Geçtiğimiz haftalarda açıklanan yargı reformu strateji belgesinde, tutuklu yargılamaların süresinin kısaltılacağından fikir özgürlüğüne kadar bir çok mesele ile gündeme geldi.
Paket açıklandıktan sonra, Bolu Cezaevinde tutuklu bulunan Alparslan Kuytul Hocaefendi konu hakkındaki görüşlerinibir telefon konuşmasında dile getirmişti. Bunun bir itiraf olduğunu dile getiren hocaefendi, hakların kısıtlandığını ve haksız gerekçelerle insanlara zulmedildiğinin altını çizdi.
Aynı zamanda insanlara tanınacak bu tür hakların Avrupa istediği için değil adaletin gereği olarak verilmesi gerektiğine vurgu yaptı.
ADALET vurgusunun yapıldığı yargı paketine göre özellikle ifade özgürlüğüne karşı adımlar atılacak ve tutuklu ve mahkumlara bazı haklar tanınacaktı.
Bu yaklaşımla, tanınan hakların yanı sıra başka bir takım hakların verilmesi gerekirken mevcut haklara kısıtlama getirildiği görülüyor.

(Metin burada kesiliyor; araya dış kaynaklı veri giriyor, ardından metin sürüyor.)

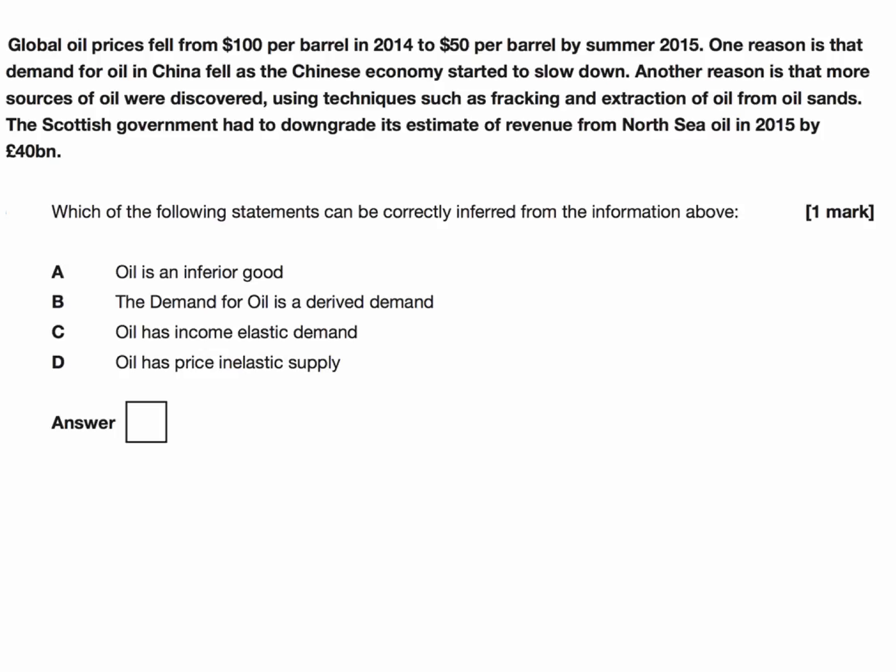The question is: which of the following statements can be correctly inferred from the information above? You've got to get a correct inference from that data. Not all of these statements can be correctly inferred. Let's go through it line by line.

Bugün yaşanan hadise adaletin sadece konuşulduğunu ancak icra edilmediğini bir kez daha gözler önüne serdi. Alparslan Kuytul Hocaefendinin her hafta ailesiyle yaptığı telefon görüşmesine süresiz kısıtlama getirildi. Bu kısıtlamaya sebep olarak da dışarıya talimat verdiği gerekçe gösterildi. Söz konusu konuşmada yer alan ifadeler dışarıya talimat vermek değil bir konuda şahsi isteğini ve temennisini ortaya koymaktır.
Bunu bir disiplin suçu olarak görmek ve buna dayanarak mevcut haklarına kısıtlama getirmek büyük bir haksızlık ve zulümdür. Hakları genişleteceğini söyleyip de daha da kısıtlayanlar, haksız gerekçelerle zulmeden Allah’a hesap vereceklerdir.